Pakistan’s struggle for economic stability

A newfound sense of hope and excitement surrounded Pakistan when former cricket world cup winner, Imran Khan, was elected prime minister in 2018. Khan replaced a corruption-plagued government led by Nawaz Sharif, and in doing so, broke the cycle of the ruling elite of Pakistan. However, as he would come to find out, the financial situation of Pakistan and his response to it would pose one of the most difficult challenges in his tenure.

 

Pakistan is currently in significant financial trouble, with external debt and liabilities growing from 95 billion USD in 2018 to around 113 billion USD in 2020. Moreover, the country is running a high trade deficit, with imports over exports doubling, which can lead to high unemployment in the manufacturing sector, due to decreases in domestically manufactured products. One main reason for the growth in debt stems from Khan’s reluctance to depend on US aid, and thus curb US involvement in Pakistani politics.
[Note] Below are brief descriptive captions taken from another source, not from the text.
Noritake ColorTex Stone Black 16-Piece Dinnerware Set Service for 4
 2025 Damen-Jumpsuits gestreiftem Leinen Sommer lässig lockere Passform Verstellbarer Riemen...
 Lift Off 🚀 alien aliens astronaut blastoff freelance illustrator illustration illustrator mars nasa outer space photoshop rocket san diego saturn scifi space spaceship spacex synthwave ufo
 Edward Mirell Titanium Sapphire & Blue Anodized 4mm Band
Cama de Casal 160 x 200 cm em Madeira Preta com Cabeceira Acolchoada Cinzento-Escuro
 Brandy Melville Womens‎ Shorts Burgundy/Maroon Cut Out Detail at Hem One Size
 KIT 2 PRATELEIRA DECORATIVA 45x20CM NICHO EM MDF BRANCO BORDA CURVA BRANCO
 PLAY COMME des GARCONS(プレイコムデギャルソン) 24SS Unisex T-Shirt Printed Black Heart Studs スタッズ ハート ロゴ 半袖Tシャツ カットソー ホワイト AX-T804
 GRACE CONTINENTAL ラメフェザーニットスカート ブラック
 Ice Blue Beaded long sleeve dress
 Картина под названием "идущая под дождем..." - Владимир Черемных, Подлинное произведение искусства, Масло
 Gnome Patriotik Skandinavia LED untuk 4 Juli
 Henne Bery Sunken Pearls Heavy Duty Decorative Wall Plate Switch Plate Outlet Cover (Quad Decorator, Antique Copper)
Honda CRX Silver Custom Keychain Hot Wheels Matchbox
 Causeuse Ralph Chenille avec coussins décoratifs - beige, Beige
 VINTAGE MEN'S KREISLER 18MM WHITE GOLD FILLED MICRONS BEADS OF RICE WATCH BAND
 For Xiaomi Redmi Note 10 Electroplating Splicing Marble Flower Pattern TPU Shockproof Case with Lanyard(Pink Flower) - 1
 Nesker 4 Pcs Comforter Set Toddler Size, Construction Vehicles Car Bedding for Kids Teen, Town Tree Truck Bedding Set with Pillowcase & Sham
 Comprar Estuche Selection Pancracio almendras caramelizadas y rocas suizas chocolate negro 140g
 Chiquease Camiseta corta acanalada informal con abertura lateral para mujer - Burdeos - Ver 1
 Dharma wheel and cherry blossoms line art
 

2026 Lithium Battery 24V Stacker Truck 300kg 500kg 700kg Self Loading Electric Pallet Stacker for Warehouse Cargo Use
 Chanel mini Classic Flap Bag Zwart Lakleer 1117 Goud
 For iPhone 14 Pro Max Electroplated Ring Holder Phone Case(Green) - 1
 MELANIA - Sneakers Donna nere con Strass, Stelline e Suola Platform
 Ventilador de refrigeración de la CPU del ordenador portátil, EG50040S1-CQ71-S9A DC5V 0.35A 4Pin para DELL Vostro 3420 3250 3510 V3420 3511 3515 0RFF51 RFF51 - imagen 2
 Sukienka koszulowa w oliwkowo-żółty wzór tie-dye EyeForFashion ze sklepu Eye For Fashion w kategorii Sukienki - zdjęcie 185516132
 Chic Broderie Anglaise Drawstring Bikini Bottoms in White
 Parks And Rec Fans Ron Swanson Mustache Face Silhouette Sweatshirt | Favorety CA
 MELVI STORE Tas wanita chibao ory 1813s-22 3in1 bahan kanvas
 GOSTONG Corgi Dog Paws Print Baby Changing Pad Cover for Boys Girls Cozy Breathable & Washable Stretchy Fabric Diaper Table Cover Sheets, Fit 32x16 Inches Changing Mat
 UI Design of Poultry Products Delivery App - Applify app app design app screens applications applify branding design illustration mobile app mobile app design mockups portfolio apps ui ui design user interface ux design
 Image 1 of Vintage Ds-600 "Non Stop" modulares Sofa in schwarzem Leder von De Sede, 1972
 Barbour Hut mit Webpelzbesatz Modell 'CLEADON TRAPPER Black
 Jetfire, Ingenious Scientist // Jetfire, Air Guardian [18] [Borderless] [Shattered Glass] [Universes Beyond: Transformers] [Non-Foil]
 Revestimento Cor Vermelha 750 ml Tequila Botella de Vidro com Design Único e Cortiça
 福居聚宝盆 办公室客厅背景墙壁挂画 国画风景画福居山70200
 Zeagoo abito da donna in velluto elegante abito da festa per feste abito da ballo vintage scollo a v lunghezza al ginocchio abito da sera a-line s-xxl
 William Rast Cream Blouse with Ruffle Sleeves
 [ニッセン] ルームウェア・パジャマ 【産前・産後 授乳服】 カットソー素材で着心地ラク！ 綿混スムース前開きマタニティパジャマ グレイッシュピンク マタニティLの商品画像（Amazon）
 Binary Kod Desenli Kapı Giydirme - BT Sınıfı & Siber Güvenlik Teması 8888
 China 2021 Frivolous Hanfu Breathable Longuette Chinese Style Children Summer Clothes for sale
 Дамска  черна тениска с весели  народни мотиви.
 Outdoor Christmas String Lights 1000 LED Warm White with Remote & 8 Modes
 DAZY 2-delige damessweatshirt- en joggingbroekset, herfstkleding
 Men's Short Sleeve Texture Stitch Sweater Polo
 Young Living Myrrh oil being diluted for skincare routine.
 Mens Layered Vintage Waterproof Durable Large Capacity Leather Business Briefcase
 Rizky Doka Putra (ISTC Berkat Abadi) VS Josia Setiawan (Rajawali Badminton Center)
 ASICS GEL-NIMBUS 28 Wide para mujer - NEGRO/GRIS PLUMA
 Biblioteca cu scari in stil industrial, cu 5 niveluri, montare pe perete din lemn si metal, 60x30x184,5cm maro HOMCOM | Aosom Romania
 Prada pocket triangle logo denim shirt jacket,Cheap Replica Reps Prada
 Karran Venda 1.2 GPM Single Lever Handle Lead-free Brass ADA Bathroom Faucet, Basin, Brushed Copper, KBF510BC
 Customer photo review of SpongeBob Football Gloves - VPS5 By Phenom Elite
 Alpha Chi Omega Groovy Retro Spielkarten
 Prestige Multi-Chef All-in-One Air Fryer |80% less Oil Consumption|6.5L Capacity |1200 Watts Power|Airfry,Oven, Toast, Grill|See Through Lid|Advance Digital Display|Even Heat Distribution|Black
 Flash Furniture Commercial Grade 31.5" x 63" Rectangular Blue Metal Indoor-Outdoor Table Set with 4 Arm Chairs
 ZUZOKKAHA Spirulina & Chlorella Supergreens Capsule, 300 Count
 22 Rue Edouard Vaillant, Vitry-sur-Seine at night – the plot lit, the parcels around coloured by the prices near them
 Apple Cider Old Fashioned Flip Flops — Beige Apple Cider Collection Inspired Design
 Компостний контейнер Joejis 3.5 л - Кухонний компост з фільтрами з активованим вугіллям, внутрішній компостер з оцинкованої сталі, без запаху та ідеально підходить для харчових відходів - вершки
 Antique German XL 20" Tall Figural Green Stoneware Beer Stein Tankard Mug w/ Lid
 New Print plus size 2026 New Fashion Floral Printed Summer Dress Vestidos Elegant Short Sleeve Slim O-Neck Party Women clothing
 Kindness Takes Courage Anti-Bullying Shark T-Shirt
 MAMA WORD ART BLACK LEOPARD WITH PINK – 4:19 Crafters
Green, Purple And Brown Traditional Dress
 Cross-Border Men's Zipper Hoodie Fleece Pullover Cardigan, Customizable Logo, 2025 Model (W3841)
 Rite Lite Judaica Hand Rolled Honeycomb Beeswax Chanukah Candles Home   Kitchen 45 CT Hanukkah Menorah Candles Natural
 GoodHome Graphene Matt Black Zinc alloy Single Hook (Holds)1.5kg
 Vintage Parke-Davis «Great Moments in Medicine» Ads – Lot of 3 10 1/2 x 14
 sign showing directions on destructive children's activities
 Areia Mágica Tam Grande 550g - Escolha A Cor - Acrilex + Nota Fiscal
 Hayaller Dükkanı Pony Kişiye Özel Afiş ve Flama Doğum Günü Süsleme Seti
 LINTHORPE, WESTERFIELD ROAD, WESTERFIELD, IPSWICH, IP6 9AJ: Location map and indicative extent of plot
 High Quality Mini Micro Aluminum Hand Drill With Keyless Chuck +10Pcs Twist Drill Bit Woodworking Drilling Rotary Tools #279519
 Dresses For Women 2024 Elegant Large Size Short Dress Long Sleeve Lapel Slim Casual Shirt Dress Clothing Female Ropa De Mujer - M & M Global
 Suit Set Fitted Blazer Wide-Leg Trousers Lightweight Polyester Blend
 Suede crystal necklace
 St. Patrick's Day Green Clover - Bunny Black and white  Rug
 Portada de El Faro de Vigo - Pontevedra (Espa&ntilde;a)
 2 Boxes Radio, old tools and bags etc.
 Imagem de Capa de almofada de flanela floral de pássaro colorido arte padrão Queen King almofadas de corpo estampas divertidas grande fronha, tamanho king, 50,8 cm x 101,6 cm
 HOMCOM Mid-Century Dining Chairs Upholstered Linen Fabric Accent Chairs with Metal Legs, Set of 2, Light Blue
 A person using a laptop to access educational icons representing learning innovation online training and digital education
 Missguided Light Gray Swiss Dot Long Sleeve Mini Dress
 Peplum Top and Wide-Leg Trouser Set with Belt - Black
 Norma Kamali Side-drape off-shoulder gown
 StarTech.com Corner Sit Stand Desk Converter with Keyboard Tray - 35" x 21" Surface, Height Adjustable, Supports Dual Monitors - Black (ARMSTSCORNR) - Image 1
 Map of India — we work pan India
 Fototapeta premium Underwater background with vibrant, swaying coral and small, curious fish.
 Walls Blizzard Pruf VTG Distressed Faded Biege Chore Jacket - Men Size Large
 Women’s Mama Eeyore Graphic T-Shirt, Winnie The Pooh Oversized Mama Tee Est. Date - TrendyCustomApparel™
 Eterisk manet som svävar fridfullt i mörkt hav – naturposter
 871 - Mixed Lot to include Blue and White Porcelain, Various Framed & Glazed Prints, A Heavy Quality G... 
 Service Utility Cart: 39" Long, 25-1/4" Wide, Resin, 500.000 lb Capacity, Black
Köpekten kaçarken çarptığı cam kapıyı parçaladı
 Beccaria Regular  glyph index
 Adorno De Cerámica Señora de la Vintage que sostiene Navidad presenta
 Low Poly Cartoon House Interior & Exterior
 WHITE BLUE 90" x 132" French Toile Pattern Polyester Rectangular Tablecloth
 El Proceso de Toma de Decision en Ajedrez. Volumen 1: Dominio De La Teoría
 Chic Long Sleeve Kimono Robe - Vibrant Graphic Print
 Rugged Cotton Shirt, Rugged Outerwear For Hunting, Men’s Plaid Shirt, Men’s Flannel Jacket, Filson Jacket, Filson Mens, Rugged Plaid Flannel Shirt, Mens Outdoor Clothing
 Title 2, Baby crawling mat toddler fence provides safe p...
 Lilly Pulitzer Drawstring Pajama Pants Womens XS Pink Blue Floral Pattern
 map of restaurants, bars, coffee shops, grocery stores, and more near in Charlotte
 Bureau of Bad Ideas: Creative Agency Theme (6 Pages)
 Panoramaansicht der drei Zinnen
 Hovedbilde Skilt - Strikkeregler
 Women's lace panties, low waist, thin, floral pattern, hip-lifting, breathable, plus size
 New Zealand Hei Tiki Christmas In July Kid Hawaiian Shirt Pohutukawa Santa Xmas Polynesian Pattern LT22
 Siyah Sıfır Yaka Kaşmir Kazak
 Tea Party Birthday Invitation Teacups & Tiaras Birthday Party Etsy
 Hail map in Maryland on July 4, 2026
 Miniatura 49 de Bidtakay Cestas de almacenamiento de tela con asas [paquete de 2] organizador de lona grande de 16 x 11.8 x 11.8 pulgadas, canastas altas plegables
Foreign fiscal aid subsequently drastically decreased from the US – from an average of 1.3 billion USD per year since 2010 to just 423 million in 2018. Because of this, Khan was forced to seek funding elsewhere, namely in China and Saudi Arabia, each with their own political agendas.

 

Pakistan has historically maintained a good relationship with Saudi Arabia, with the country currently hosting over 1 million Pakistani workers, and loaning 3 billion USD to the country in late 2018. However, relations have become increasingly strained after Pakistan sought Saudi support in its conflict with India over Kashmir, and the Saudis subsequently pushed for Pakistan to repay loans of 1 billion USD, which they did only with the aid of additional Chinese loans.

 

The China-Pakistan Economic Corridor (CPEC) is a collection of infrastructure projects throughout Pakistan aiming to modernise the country, mainly seeking to improve Pakistan’s poor transport network. The project is being financed primarily by China and was worth 62 billion dollars as of 2020. This has the scope to reduce economic inefficiency by fostering increased mobility. However, this is seen by some as a debt-trap, with China allowing Pakistani debt to build up in order to exploit the country politically and strategically later. Similarities can be drawn to China’s relationship with Sri Lanka, for example, which, unable to repay Chinese loans, were forced to cede control of Hambantota, a port a few hundred miles from India. Given China’s competitive relationship with India, this move was seen by many as strategic. Pakistan may find itself in a similar situation.

 

In spite of these financial issues, hope still exists for the country. Pakistan seems in control of the pandemic without having needed to enforce a harsh lockdown. Moreover, Pakistan is a country with economic potential; in recent years tourism has grown significantly as the country hosts important natural and historical attractions and recently has become much safer to travel to with the government clamping down strongly on terrorism. In addition, Pakistan also has the potential to generate renewable energy, in the form of solar and wind power, according to the World Bank, which suggests that utilising just 0.071% of the country’s suitable area for solar energy would meet the country’s current electricity demand. Finally, through CPEC projects which could improve transportation routes, logistical bottlenecks and idle times are slowly subsiding despite the possible threat of China’s political influence.

 

The construction of many major motorways, wind farms, coal power plants, and even an extensive 820km fibre optic line across Pakistan have helped modernise the country. China has been the biggest investor, namely through CPEC projects, however other investors including Norway, the United Kingdom, and South Korea have all also stepped up their investments. Pakistan attracted 2.6 billion USD in foreign direct investment in the fiscal year 2020, almost double the 1.4 billion USD it drew the previous year. The Pakistani government has facilitated such growth through tax incentives and exemptions in certain sectors and in certain zones of the country.

 

Pakistan is at a crossroad, having freed itself from the former ruling elite and US political control, but in doing so has allowed nations such as China and Saudi Arabia to become more involved in addressing Pakistan’s ailing economy.  If Pakistan and Imran Khan are able to fund future projects without an over-reliance on China or Saudi Arabia, the future of the country seems promising. Perhaps through striking similar deals but with smaller neighbouring countries, Pakistan’s financial and political stability could be improved without the cost of foreign political involvement. Nonetheless, if nothing is done to address the sharply growing debt and trade deficits, Pakistan’s economy may contract and Khan’s political opponents may look to increase pressure, and possibly even return Pakistan to its elite rule, propped up once again by the US.